2. The Obvious Point

The anti-PED crowd is missing something big. By branding the debate something that's black-and-white, in-or-out, they're essentially saying that the steroid users are a special kind of morally bankrupt -- a new genus of baseball player that we've never had to deal with. Everyone who came before followed a certain set of ethics, and everyone who came after violated that set of ethics. And what that does is it turns the museum into something different:

The Hall of Players Who Never Had the Chance to Take Steroids

The Hall of Players Who Were Lucky Enough to Avoid This Specific Era

Because if you think that half of the people in the Hall of Fame wouldn't have taken some sort of mystery cream or goop or syringe or drug to make themselves better, you're insane. We're dealing with human nature, not the nature of a select group of malcontents and genetically deficient derelicts in an anomalous decade. I don't know if Mel Ott or Jimmie Foxx would have taken steroids, or if Goose Goslin or Paul Waner would have. But one of them would have.

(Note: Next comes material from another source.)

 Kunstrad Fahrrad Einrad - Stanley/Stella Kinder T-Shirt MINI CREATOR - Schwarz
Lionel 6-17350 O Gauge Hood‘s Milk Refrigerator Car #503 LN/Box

That's what competitive (or greedy, or insecure, or …) people do. And from the '80s on, it was available to players. The players of today would also take the cell-repairing nanobots that will be outlawed in 2092, just like the players from 1900 would have. They weren't available to either set of players, though.

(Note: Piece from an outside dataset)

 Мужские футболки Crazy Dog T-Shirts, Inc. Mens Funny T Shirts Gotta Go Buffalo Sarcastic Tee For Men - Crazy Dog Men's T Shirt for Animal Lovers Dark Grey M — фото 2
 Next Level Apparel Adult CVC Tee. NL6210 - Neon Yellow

Long rant short: Keeping steroid users out is an exercise in ignoring context. It makes the Hall of Fame a museum without context. That's like a movie without images, a smore without graham crackers, or a copy of Snow's Greatest Hits without "Informer." Or, for that matter, a DVD of Snow's greatest hits without Game 2 of the 2000 NLDS. What's the point? What is this whole thing for? Shouldn't you just stop and call it something else?

The only way to argue otherwise is to see the Hall of Fame as nothing but some sort of reward for the players. If that's the point of the Hall of Fame, maybe we need a separate museum that tells about baseball's history instead. I'd rather go to that one.